1- Meşru Sebep:

 

Kur'ân'da bu sebep "nüşuz" kelimesiyle ifade edilir. Türkçe meallerde umumiyetle hep "serkeşlik" olarak tercüme edilmiştir. Kelime Arapça'da yükseklik, tümseklik, sivrilik gibi mânalara gelir. Selef âlimleri kadınla ilgili olarak Kur'ân'da gelen bu tavırdan "kocasına isyanı, koku sürünmemesi, kocasını nefsinden men etmesi, kocasına daha önceki davranışını değiştirmesi, kocasına sevgisizlik izhar etmesi, kocasının tâyin ettiği evde oturmayı kabul etmeyip bir başka yerde oturması gibi durumları anlatmıştır.

Yani, kocasına karşı olan vecibelerini yerine getirmemesi diye hülâsa edebiliriz. Vecibe olmayan işlerdeki itaatsizlikten dolayı dövmeye hakkı yoktur. Ev işlerini yapmaması gibi.

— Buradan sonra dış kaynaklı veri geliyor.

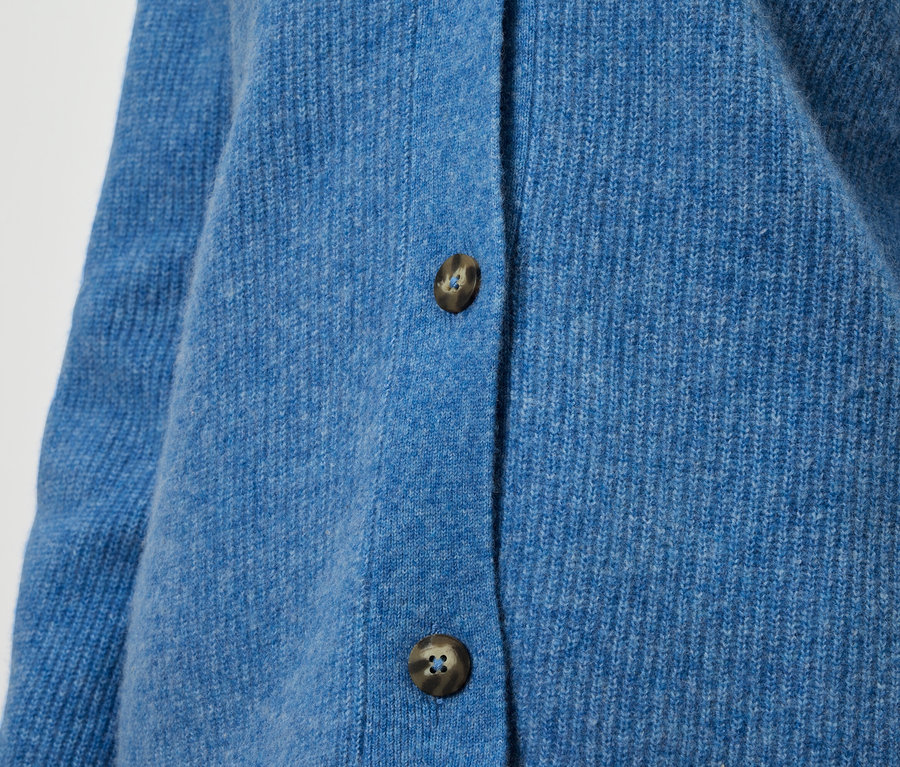 Gros plan sur un cardigan bleu en tricot avec des boutons marron.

Veda Hutbesi'nde, kadını dövmeyi meşru kılan suç "nüşuz" kelimesiyle değil, "fâhiş" kelimesiyle ifade edilmiştir. Biz "çirkinlik" olarak tercüme ettik. Bunu, dilimizde aynı kökten fuhuş kelimesiyle tercümeyi uygun bulmadık. Çünkü fuhuş, zina mânasına gelir. Halbuki burada zinanın kastedilmiş olması mümkün değildir. Çünkü zinanın cezası recm denen hadd-i zina'dır. Bunun dayakla geçiştirilmesi mümkün değildir. Öyle ise, bu hutbede geçen fâhiş kelimesini fuhuşla açıklamak ve böylece Kur'ân'da geçen "nüşuz" kelimesinin vuzuha kavuşturulduğunu söylemek uygun olmaz.[1]


 

[1] İbrahim Canan, Kutub-i Sitte Tercüme ve Şerhi, Akçağ Yayınları: 2/307-308.